Some 40+ years ago, American knowhow and emerging technology sent an ordinary guy from Ohio, Neil Armstrong, to walk on the Moon.  It was an act of boots on the ground audacity that has since never been equaled.  “One small step for a man: one giant leap for mankind” was the culmination of the Big Idea, that magical mystical moment when people believe, tuck their egos away and apply all their energy, ambition and ability to reach for the stars.  When people do that, even the sky isn’t the limit.  Neil Armstrong was (and still is) the symbol of that selflessness.  Even as America changed its royal family from the Kennedys to the Kardashians Armstrong remained the reluctant hero – America’s last Gary Cooper.  He realized, better than anyone else on this planet, that, in fact, walking on the moon was not his accomplishment.

Neil Armstrong’s boot on the Moon changed history, but not simply because he put it there.  America’s Space Program and Moon landings produced much more than just an indelible footprint on an extraterrestrial body.  The innovation and technology alone changed our society.  Without Armstrong’s size 12s, our world would look very different from what we see around us today.  Let me demonstrate.

One of the first problems NASA encountered when it began flinging men out of our atmosphere is that pens (ordinary ballpoint pens) would not write in the weightlessness of space.  It was a small thing but critical to humanity’s conquest of the heavens.  Immediately, NASA set about solving the problem.  They hired a team of engineers, equipped labs and technical facilities, spent literally millions of dollars on the study of hydraulics in a vacuum and came up with the Zero Gravity Pen.  The Soviets, who had discovered the same problem some months earlier, thought about it thoroughly and gave their cosmonauts pencils.

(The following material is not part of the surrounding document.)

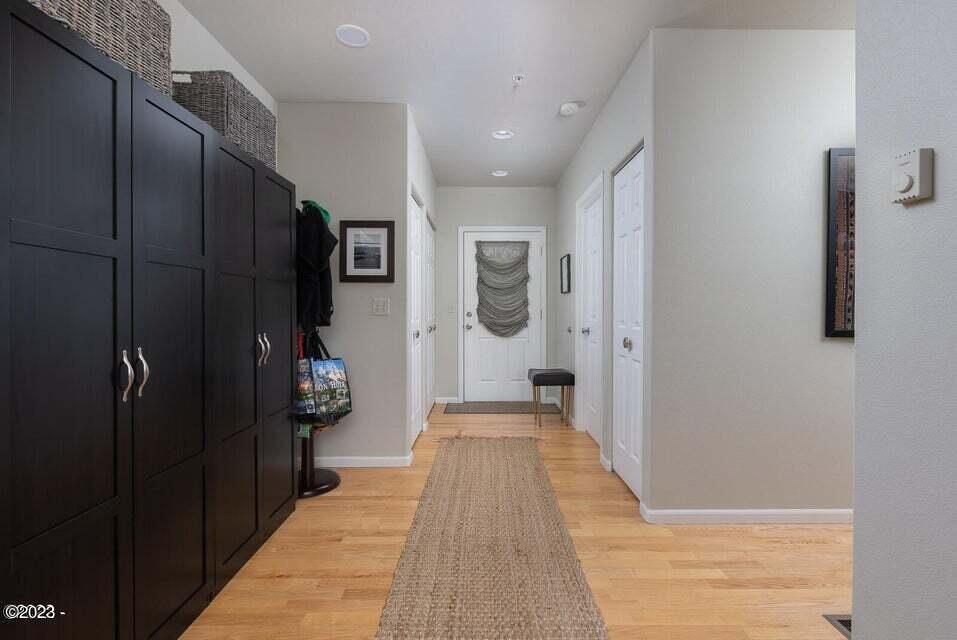 425 SE Shell Ave Unit: 5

Make no mistake: this story is absolute fiction (the Fisher Space Pen was developed independently in 1965.)  However, for decades, it has roamed our planet, masquerading as fact.  The important thing to note, is that even as most people believe this tale to be true, they are missing the significance of its allegorical message.

The pen-and-pencil myth is meant to show the narrow-minded American approach to problem solving.  Unable to think outside the box, they invariably ignore the simple solution and just throw money around promiscuously in a virtual orgy of waste.  This may be true to the casual observer, but look a little closer.  Yes, the pencil is an ingenious solution in the short term, but in the long term, it’s a dead end.  It doesn’t further the scope of innovation or engineering or scientific discovery or anything.  In actual fact, it stops the clock.

Fact or fiction, the residual value of the Zero Gravity Pen is enormous.  The American race for the moon provided the world with one of the greatest scientific leaps forward in human history.  They beat the Soviets by some years, and the seeds NASA planted doing it, grew into the technological wonders of our age – everything from miniaturization to massive personal computing power.  Almost at the exact moment the American-developed Internet was beginning to stride across the world like a new Colossus, the Soviet Union was imploding under the weight of its own stagnation.  Metaphorically, the Soviets were still using pencils.

So what does this have to do with the death of an American hero?  Not much, except that, at the very epicentre of NASA’s scientific and technological revolution, Neil Armstrong understood both the significance and the insignificance of his contribution.  He was the public face of the Space Race.  It was a man on the moon that galvanized the energies of a nation. Yet, for every footprint Armstrong left on the lunar surface, there had been literally thousands of nameless engineers and technicians whose job it was to put them there.  They were the ones who changed our world from pencils to Touch Screen Smartphones.

Neil Armstrong is an American hero — a man bold enough to go where no man had gone before.  But he also understood how he got there, was humbled by it, and, for the rest of his life, acted accordingly.

4 thoughts on “Neil Armstrong 1930 – 2012

  1. I’ve been really bummed about Armstrong’s death. I can still remember the later Apollo missions, so it takes me back to my childhood, which is simultaneously depressing and delightful in middle age. Armstrong was a fellow Ohioan too, which is a point of pride, whether legit or not. Of course, at my age, questions regarding my own mortality are everpresent. Whatever the reason that I feel so inappropriately sad, your blog helps put things in perspective. Thanks for taking the time to comment on the life of an amazing man and the amazing times in which he lived.

    1. Thanks so much for dropping by. To many of us, in our generation, Neil Armstrong represented the best of us. We, who are of an age, have lived through extraordinary times. Now, we have the incredible opportunity to view some of it as living history. I’m glad I could pass a piece of that on to you.